(Beginning of DATA FOR THIS TASK)

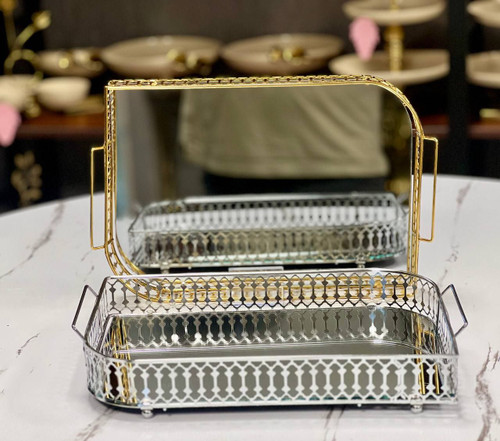 سینی آینه ای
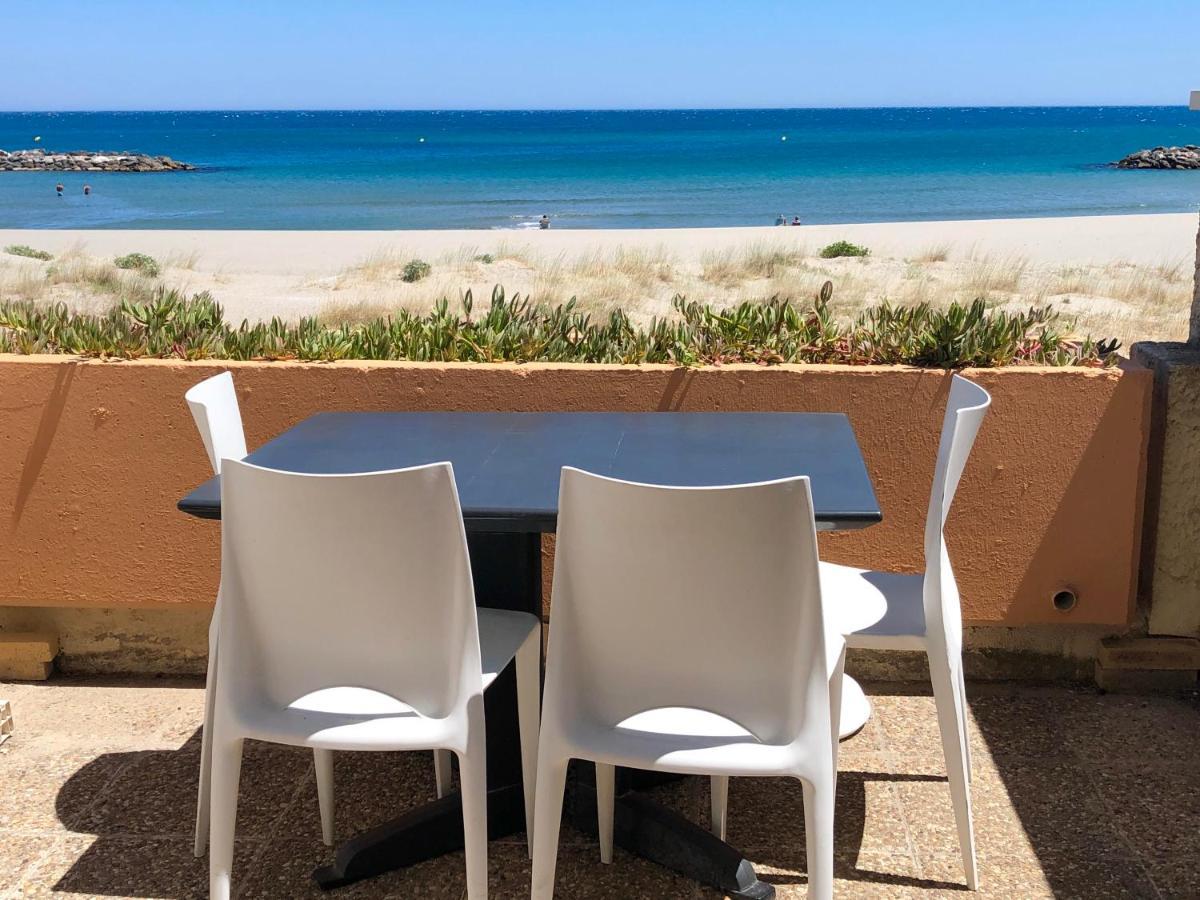 Barcaresa-Charmant T 2 Vue Mer Pied Dans L'Eau Le Barcares Exterior photo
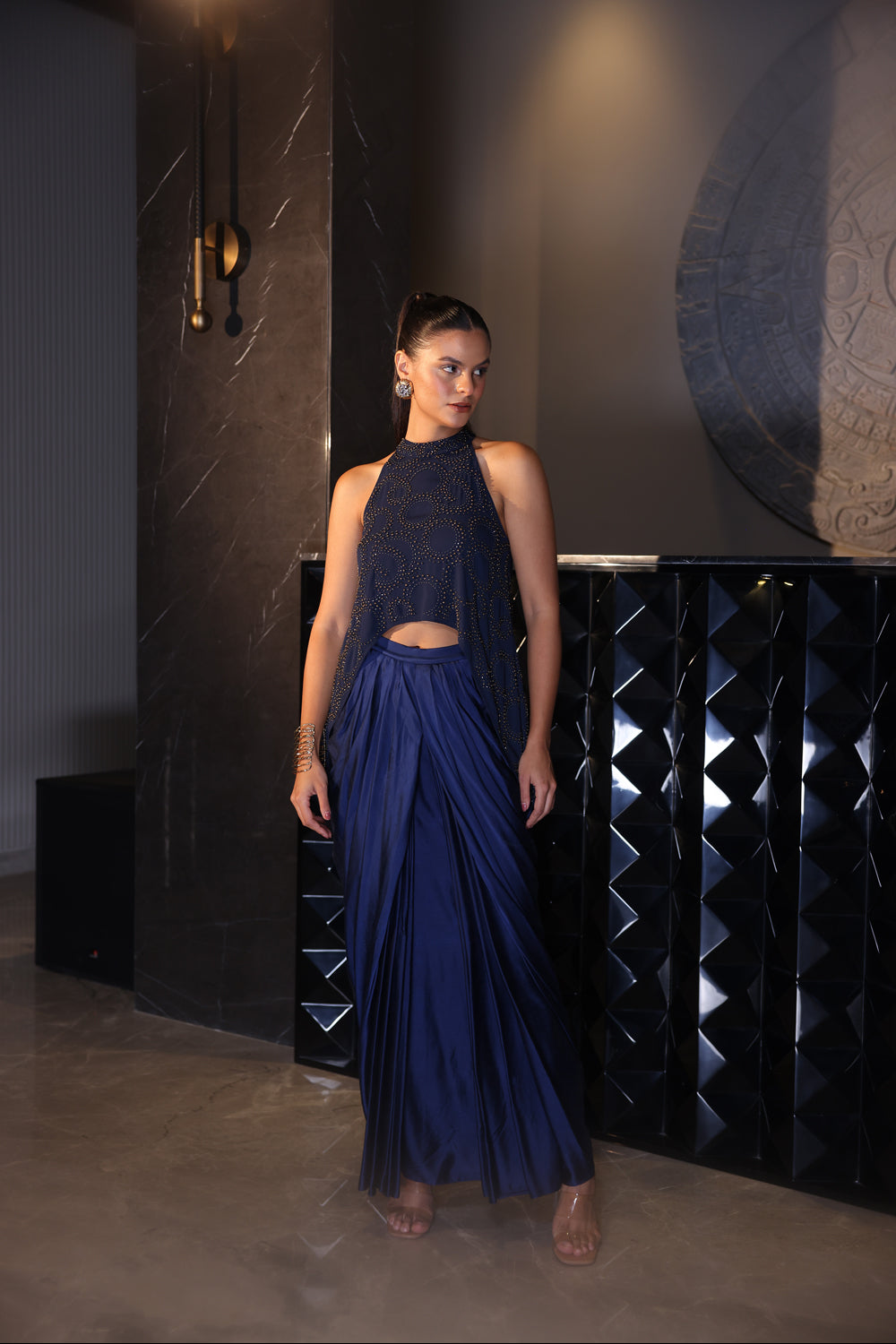 Safiyah Top & Skirt Set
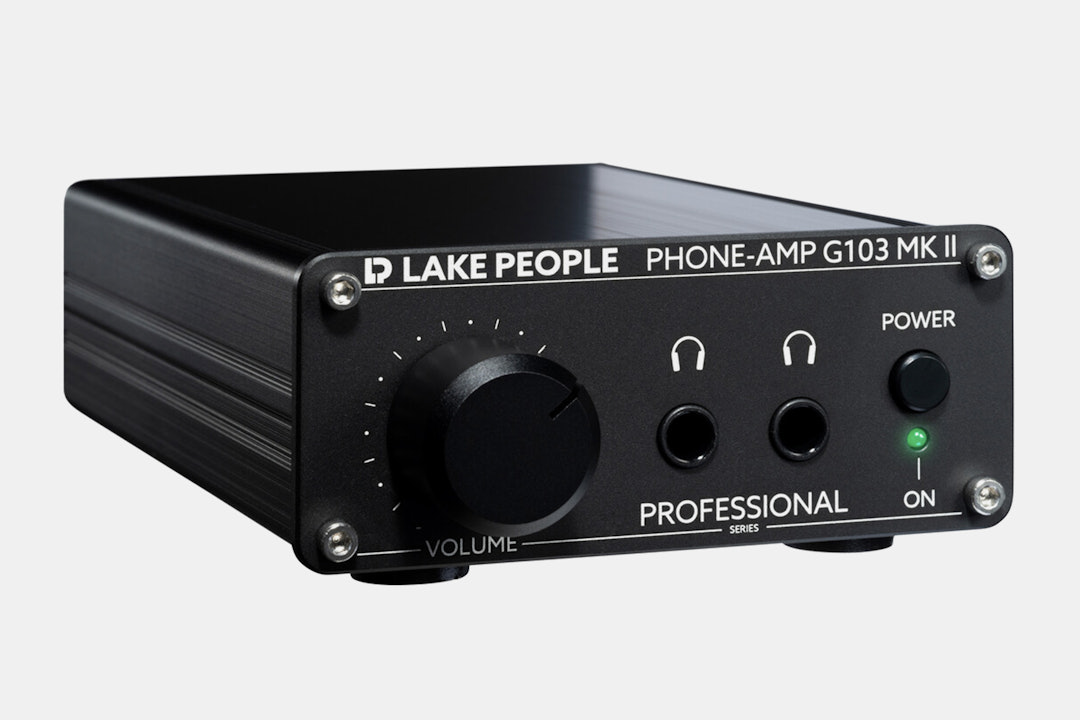 Lake People G103-S MKII Headphone Amplifier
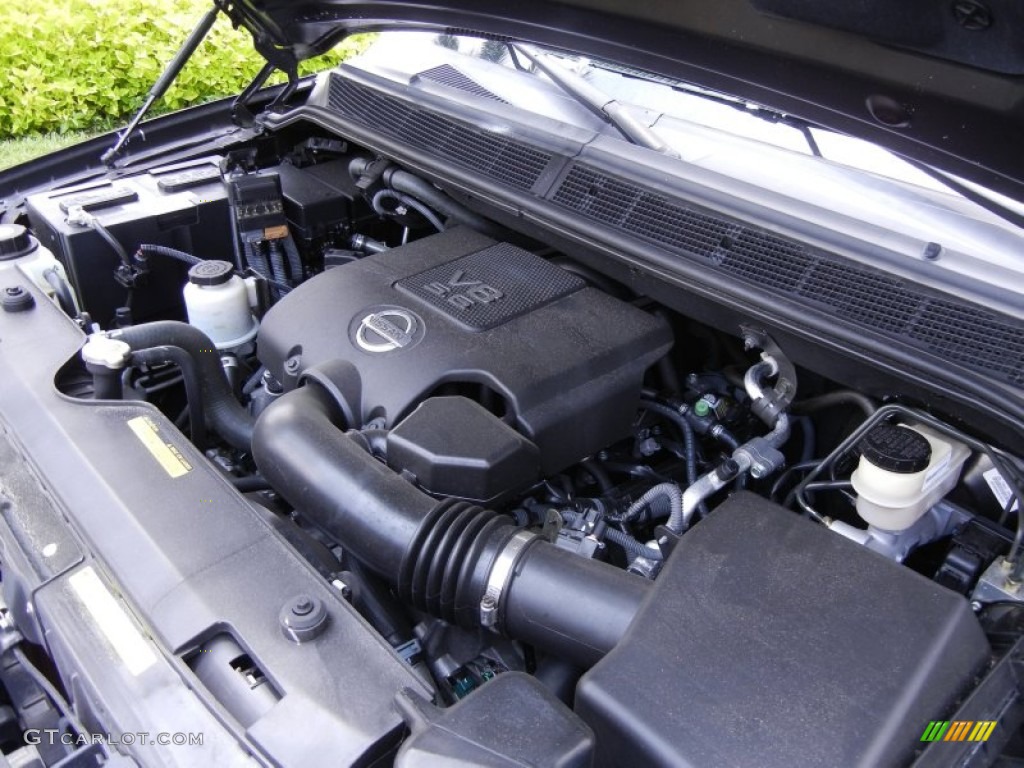 2008 Nissan Armada LE Engine Photos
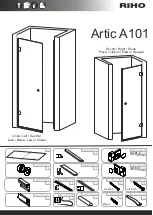 RIHO Artic A101 Manual preview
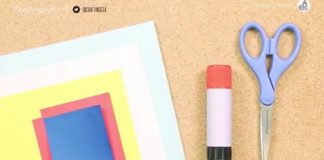 Cách làm kẹp sách bằng giấy vừa xinh, vừa tiện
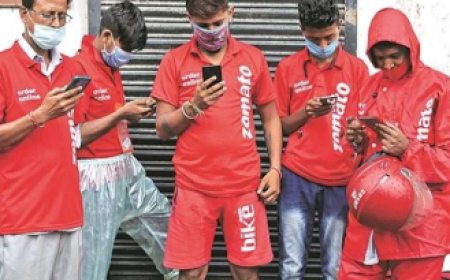 Raghav Chadha Criticises Eternal CEO’s Remarks; Demands Fair Treatment for Gig Workers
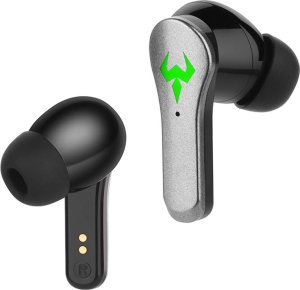 Słuchawki Alogy Słuchawki bezprzewodowe Bluetooth 5.2 Alogy TWS 9D EarPhones z stacja dokująca z mikrofon PowerBank dla graczy Czarne 7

(End of DATA FOR THIS TASK)

▶ TASK INSTRUCTIONS
Restate the entries verbatim, without pictures.

▶ WRITTEN SOLUTION
 سینی آینه ای
 Barcaresa-Charmant T 2 Vue Mer Pied Dans L'Eau Le Barcares Exterior photo
 Safiyah Top & Skirt Set
 Lake People G103-S MKII Headphone Amplifier
 2008 Nissan Armada LE Engine Photos
 RIHO Artic A101 Manual preview
 Cách làm kẹp sách bằng giấy vừa xinh, vừa tiện
 Raghav Chadha Criticises Eternal CEO’s Remarks; Demands Fair Treatment for Gig Workers
 Słuchawki Alogy Słuchawki bezprzewodowe Bluetooth 5.2 Alogy TWS 9D EarPhones z stacja dokująca z mikrofon PowerBank dla graczy Czarne 7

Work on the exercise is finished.